■ The task:
Starting with the line that contains "План тренировок на неделю по баскетболу" and stopping after the line that contains "A typical voltage", copy the entries below exactly. Include nothing else.

■ Input data:
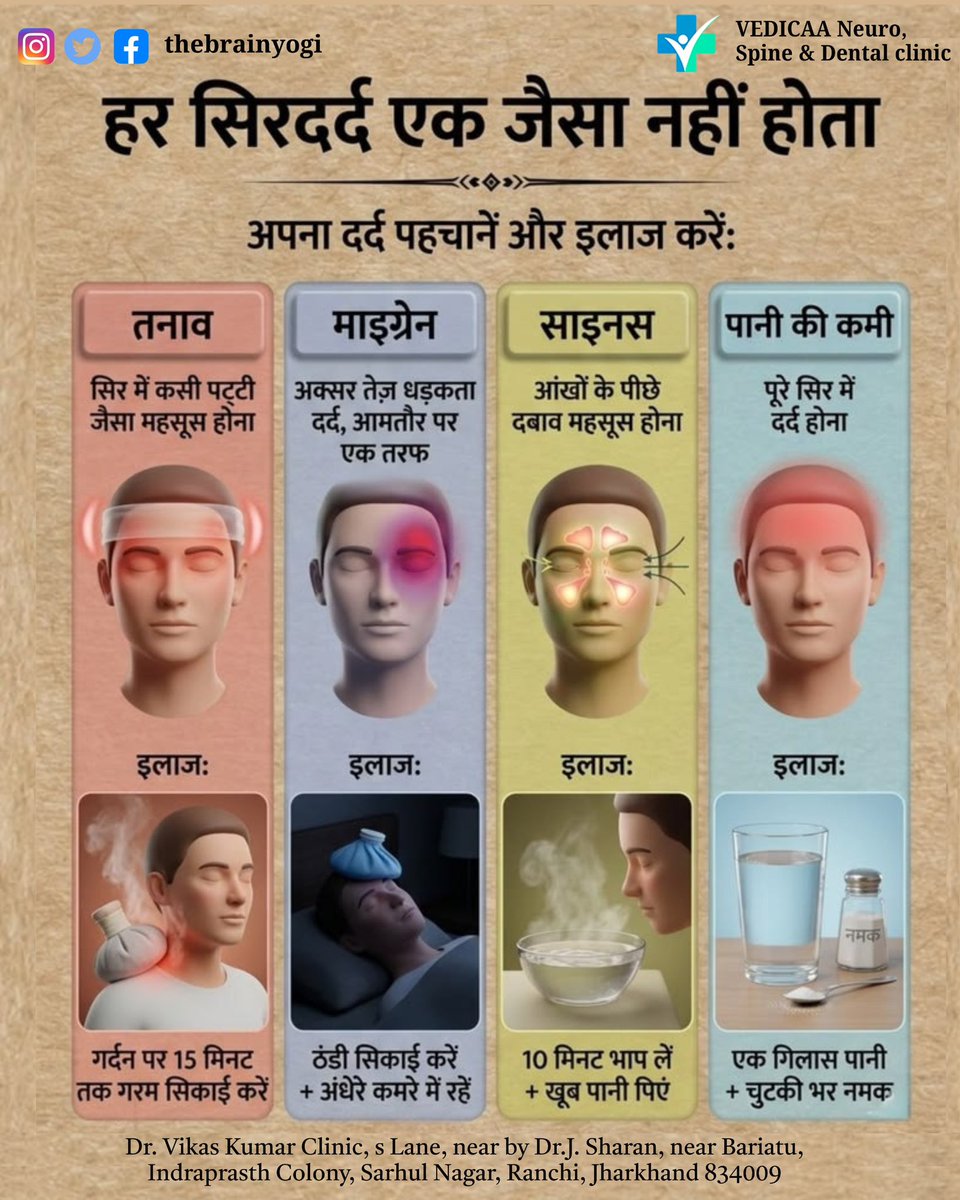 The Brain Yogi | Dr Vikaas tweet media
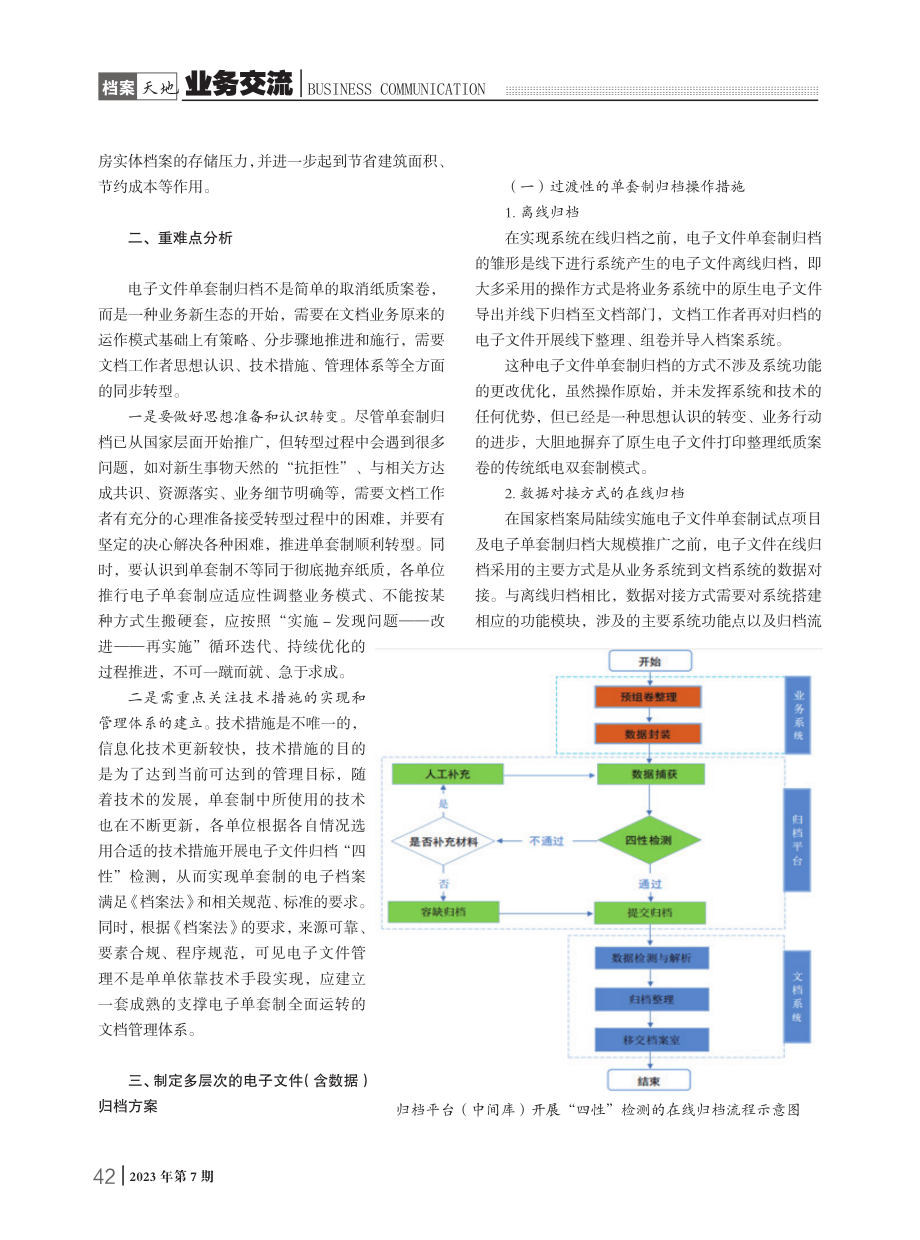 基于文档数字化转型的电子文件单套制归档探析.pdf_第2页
...
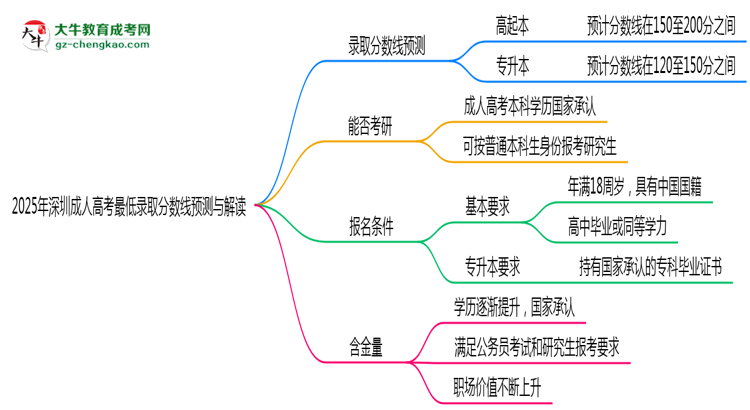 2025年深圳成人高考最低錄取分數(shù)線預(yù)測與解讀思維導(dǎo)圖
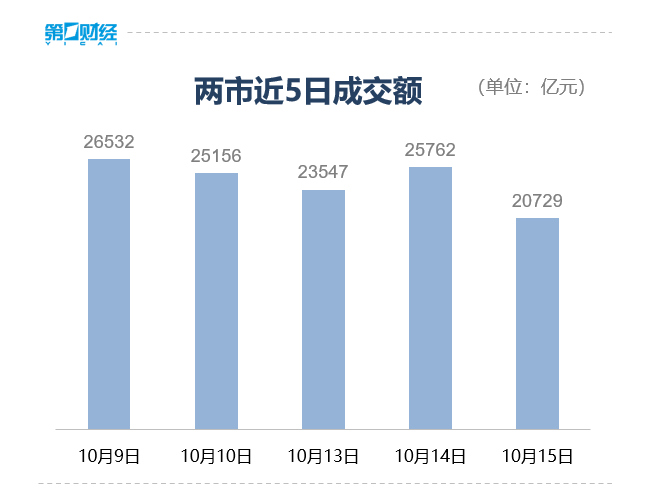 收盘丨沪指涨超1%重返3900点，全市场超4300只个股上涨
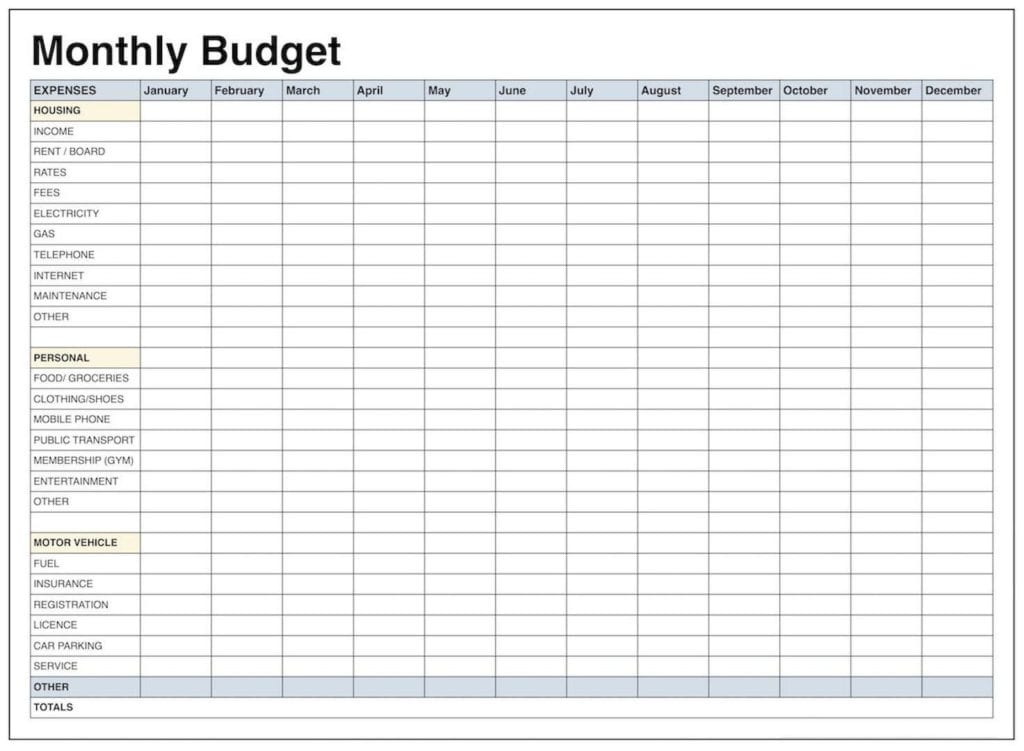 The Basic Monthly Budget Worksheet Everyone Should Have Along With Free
--
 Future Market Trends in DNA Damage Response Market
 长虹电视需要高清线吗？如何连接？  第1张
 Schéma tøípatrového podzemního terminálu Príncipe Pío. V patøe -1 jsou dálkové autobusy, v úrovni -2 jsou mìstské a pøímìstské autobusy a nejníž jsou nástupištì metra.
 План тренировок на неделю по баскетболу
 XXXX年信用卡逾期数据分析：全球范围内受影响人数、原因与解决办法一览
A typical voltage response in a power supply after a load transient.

■ Response below:
 План тренировок на неделю по баскетболу
 XXXX年信用卡逾期数据分析：全球范围内受影响人数、原因与解决办法一览
A typical voltage response in a power supply after a load transient.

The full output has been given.